Ah yeah, missed that!

I do think there should be a package specifically for modular arithmetic, but I think these two are basic enough they could go in base alongside the current modular power.

You say regrettably–are you thinking of changing it in Julia 2.0? I think it’d be nice for a lot of people coming from Python, at the very least.

Surprisingly, the more complex method I defined above is actually 4x faster on UInt64s than promotion to UInt128 via the widemul method in microbenchmarks. Corroborating this, replacing the widemul approach in Base’s powmod(::Int, ::Int, ::Int) method with my ugly version also results in a significant speedup in that slightly-less-micro benchmark.

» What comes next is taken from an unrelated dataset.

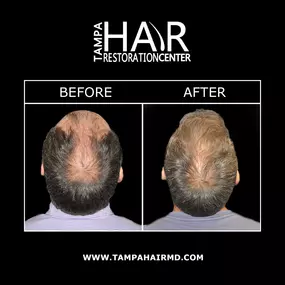 Tampa Hair Restoration Center is proud to provide NeoGraft® minimally invasive hair transplant technology. NeoGraft® incorporates the Follicular Unit Extraction (FUE) technique to carefully transplant hair follicles to areas where thinning has occurred. Unlike past hair restoration methods, NeoGraft® can achieve long-lasting results without any lineal scarring, stitches, or incisions.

This is because while 128-bit integers are native in Julia they are not supported natively on my hardware. YMMV.


It would certainly be on a list of changes to consider.


Here’s a version for UInt128 which runs in 100ns on my computer (vs 122ns for lilith’s version and 350ns for the wiki version). Looking back, I think it is roughly the same algorithm as lilith’s.

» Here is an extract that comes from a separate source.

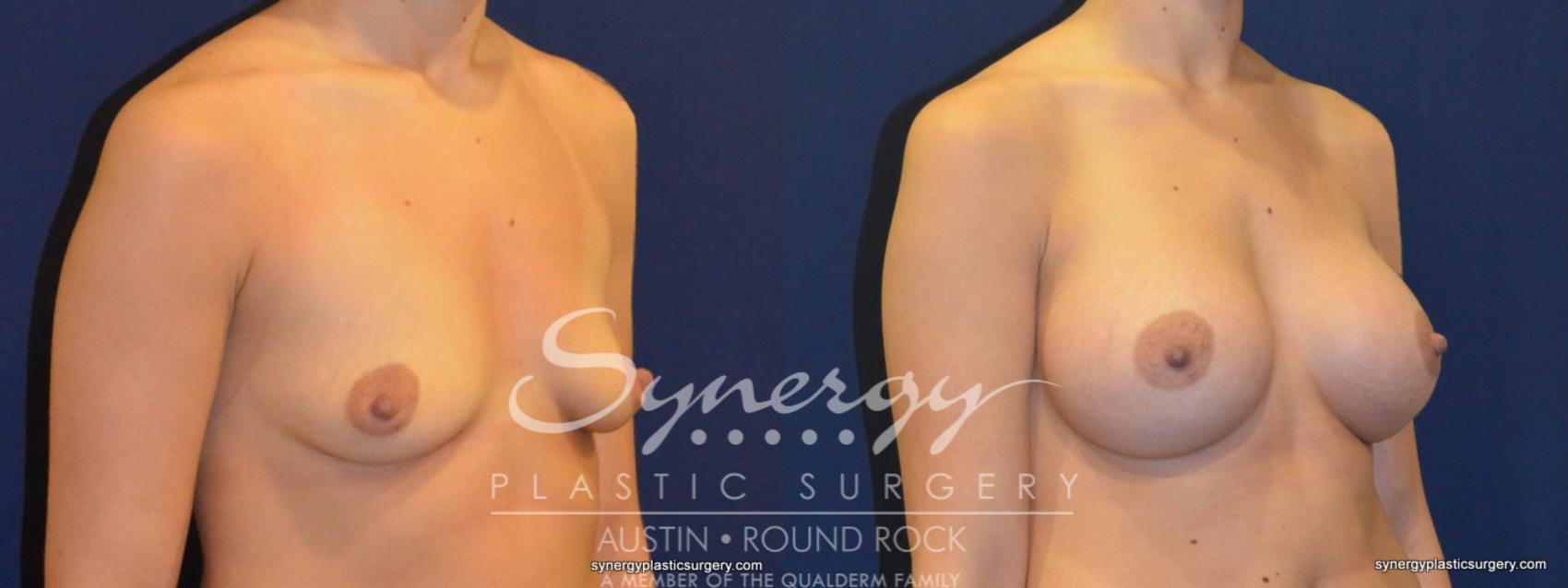 Before & After Breast Augmentation Case 235 View #1 View in Austin, TX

Profiling reveals that almost all the time is spent evenly in the 8 division operations (mod, fldmod (counts for 2) and sub_mod). I’m not sure if you can do it in fewer divisions.

using BitIntegers: UInt256
using BenchmarkTools: @benchmark

function mul_full(x::UInt128, y::UInt128)
    z = UInt256(x) * UInt256(y)
    return (mod(z, UInt128), mod(z >> 128, UInt128))

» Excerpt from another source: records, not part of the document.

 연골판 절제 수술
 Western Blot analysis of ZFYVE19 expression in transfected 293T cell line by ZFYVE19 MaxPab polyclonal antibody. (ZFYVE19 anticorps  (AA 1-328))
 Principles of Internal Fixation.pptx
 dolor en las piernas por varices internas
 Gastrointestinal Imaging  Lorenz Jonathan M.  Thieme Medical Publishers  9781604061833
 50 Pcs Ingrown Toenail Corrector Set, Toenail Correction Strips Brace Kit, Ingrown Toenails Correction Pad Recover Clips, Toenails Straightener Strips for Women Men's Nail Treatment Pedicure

function sub_mod(x::UInt128, y::UInt128, m::UInt128)
    if x > y
        return mod(x - y, m)
        return m - mod1(y - x, m)

function mul_mod(x::UInt128, y::UInt128, m::UInt128)
    # fast branch: no overflow
    if iszero(x >> 64) && iszero(y >> 64)
        return mod(x * y, m)
    # fast branch: no overflow after reducing mod m
    if iszero(m >> 64)
        return mod(mod(x, m) * mod(y, m), m)
    # m in base 2^64
    # m = m0 + m1 * u
    # where u = 2^64
    m0 = mod(mod(m, UInt64), UInt128)
    m1 = m >> 64
    # z=x*y in base 2^128
    # z == z0 + u^2 * z1
    z0, z1 = mul_full(x, y)
    # require z1 < m
    # so that a1 <= 2^64
    z1 = mod(z1, m)
    # reduce u * z1 by dividing by m1
    # and use the fact that u * m1 == -m0 (mod m)
    # so z == z0 + u * z2 (mod m)
    a1, a0 = fldmod(mod(z1, m), m1)
    z2 = sub_mod(a0 << 64, a1 * m0, m)
    # reduce u * z2 in the same way
    # so z == z0 - z3 (mod m)
    b1, b0 = fldmod(z2, m1)
    z3 = sub_mod(b1 * m0, b0 << 64, m)
    # final sub_mod gets the answer
    return sub_mod(z0, z3, m)

function mul_mod_big(x::UInt128, y::UInt128, m::UInt128)
    return convert(UInt128, mod(big(x) * big(y), big(m)))

function mul_mod_bad(x::UInt128, y::UInt128, m::UInt128)
    return mod(x * y, m)

function mul_mod_256(x::UInt128, y::UInt128, m::UInt128)
    return convert(UInt128, mod(UInt256(x) * UInt256(y), UInt256(m)))

function check(x, y, m)
    z0 = mul_mod(x, y, m)
    z1 = mul_mod_big(x, y, m)
    @assert z0 == z1

function check_rand(n=1_000_000)
    for _ in 1:n
        check(rand(UInt128), rand(UInt128), rand(UInt128))

function benchmark(f=mul_mod)
    @benchmark $f(x, y, m) setup=(x=rand(UInt128); y=rand(UInt128); m=rand(UInt128))

Here’s a 81ns version (and it’s short!).

This version still divides out 64 bits at a time, but directly accumulates the answer in a UInt256.

The while loops are O(1) in the average case, but I’m not sure what the worst case is. Maybe they can be improved (I didn’t think long enough, but they do need to be >1 sometimes).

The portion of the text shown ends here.